Barron’s reported Wells Fargo Analyst Steven Cahall predicts rough times ahead for White advertising agencies, saying the business is moving toward a downcycle. Forget dropping stock prices and diminishing marketing spends—economic stress typically leads to significantly decreased interest in DEI initiatives. Expect slashing diversity budgets, cooling off heat shields, laying off Human Heat Shields, turning off performative PR, and brushing off crumbs. All of which underscores how systemic racism is rooted in self-interest of racist power. Being in the black trumps being into Blacks.

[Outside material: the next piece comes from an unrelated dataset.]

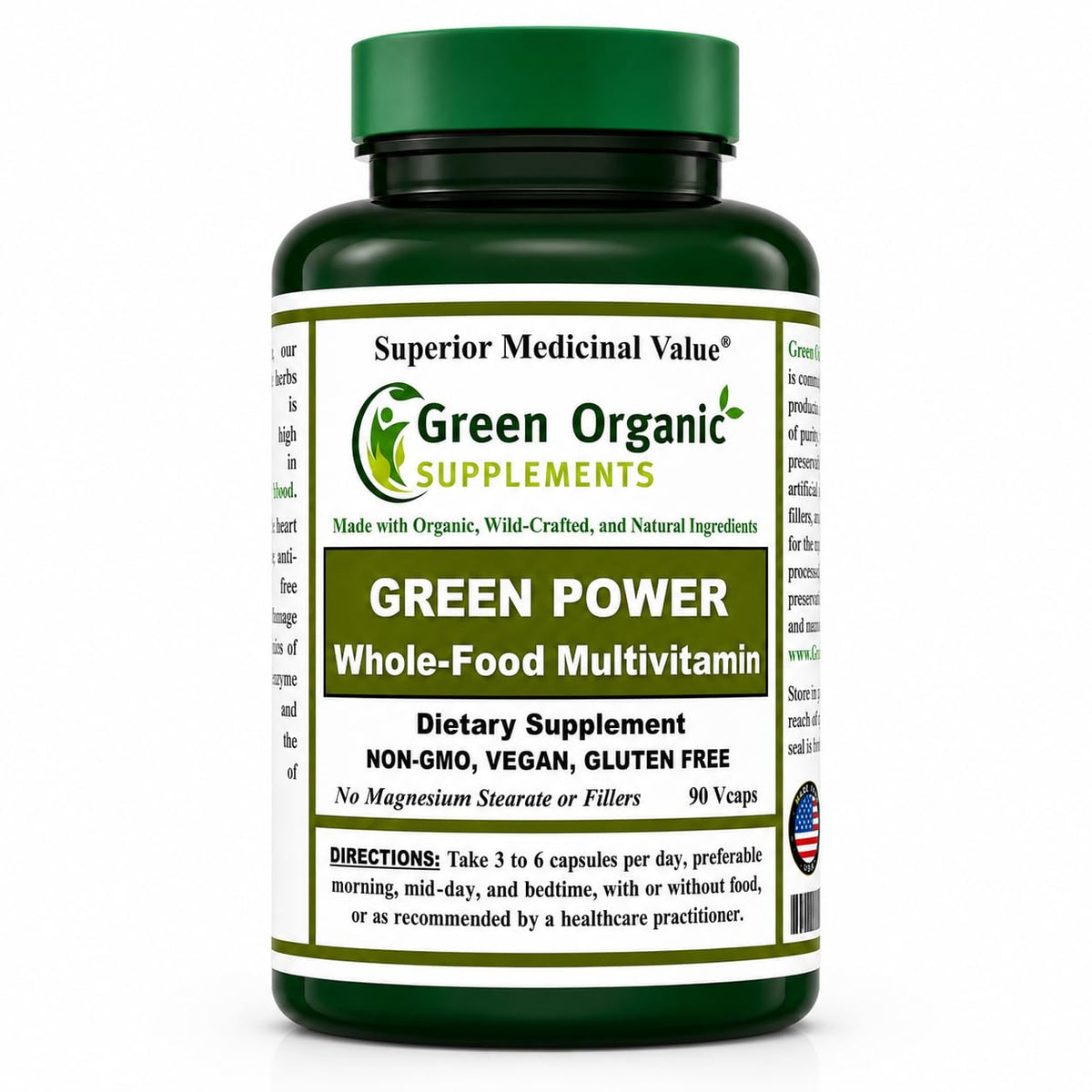 Green Organic Supplements Green Power Multivitamin - 90 Vegetarian Capsules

Ad Agency Stocks Drop as Analyst Cuts Ratings, Warns of Rough Times
By Eric J. Savitz
Advertising agencies’ stocks are losing ground after a downbeat call from Wells Fargo analyst Steven Cahall, who sees signs of economic stress on the ad sector.
Cahall cut his ratings on Omnicom Group (ticker: OMC), Interpublic Group (IPG) and Stagwell (STGW) to Equal Weight from Overweight. He cut his stock-price target for Omnicom to $88 from $109, lowered his call on IPG to $33 from $43, and reduced his forecast on Stagwell to $8, from $9.

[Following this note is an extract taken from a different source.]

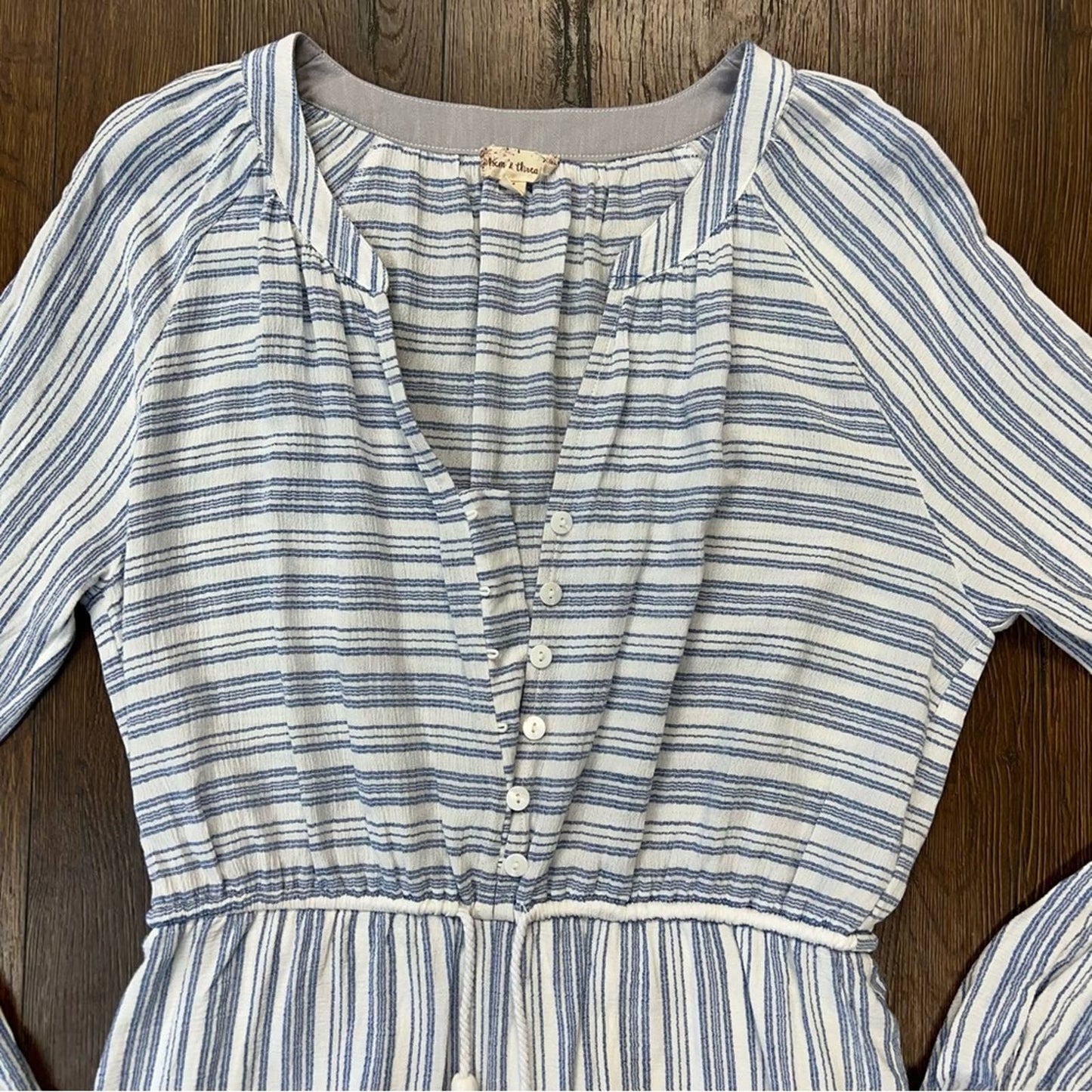 Hem & Thread blue sunset and white romper SZ LG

In Monday trading, IPG was off 2.3% at $32.13, Stagwell fell 12% to $6.88, and Omnicom declined 1% to $82.95.
His view is that the agency business is headed for a downcycle. “We think new biz is onboarding lower/slower, and existing biz is seeing deferrals and cancellations,” Cahall said in a research note. “TV upfronts show a corroborating theme of market-wide weaker action.”
The analyst’s view is that ad agency growth is slowing, pointing to recent commentary from both Omnicom and Interpublic. “This has caught investors by surprise because economic forecasts are favoring a soft landing vs. a hard landing, and because overall ad spend seems to have stabilized and could even be recovering,” Cahall wrote.
Omnicom shares have sold off nearly 15% over the last four trading days, following what were slightly disappointing second-quarter financial results.
The analyst notes that the ad agencies actually outperformed ad spending in the second half of 2022. “Our conclusion is that early on when cutting ad spend, brands relied heavily on their agencies to help manage the process,” he wrote. “They used marketing services to focus on higher ROI ad dollars in a declining spend environment.”
Cahall’s theory is that when marketers cut spending last year, they didn’t reduce the 10% to 15% of their budgets going to agencies, as part of a “do more with less” strategy. Now, he said, “as we’re deeper into an ad recession, they may have turned to holding paid media flattish but are trimming their spending on the 10%+ that goes to agencies.”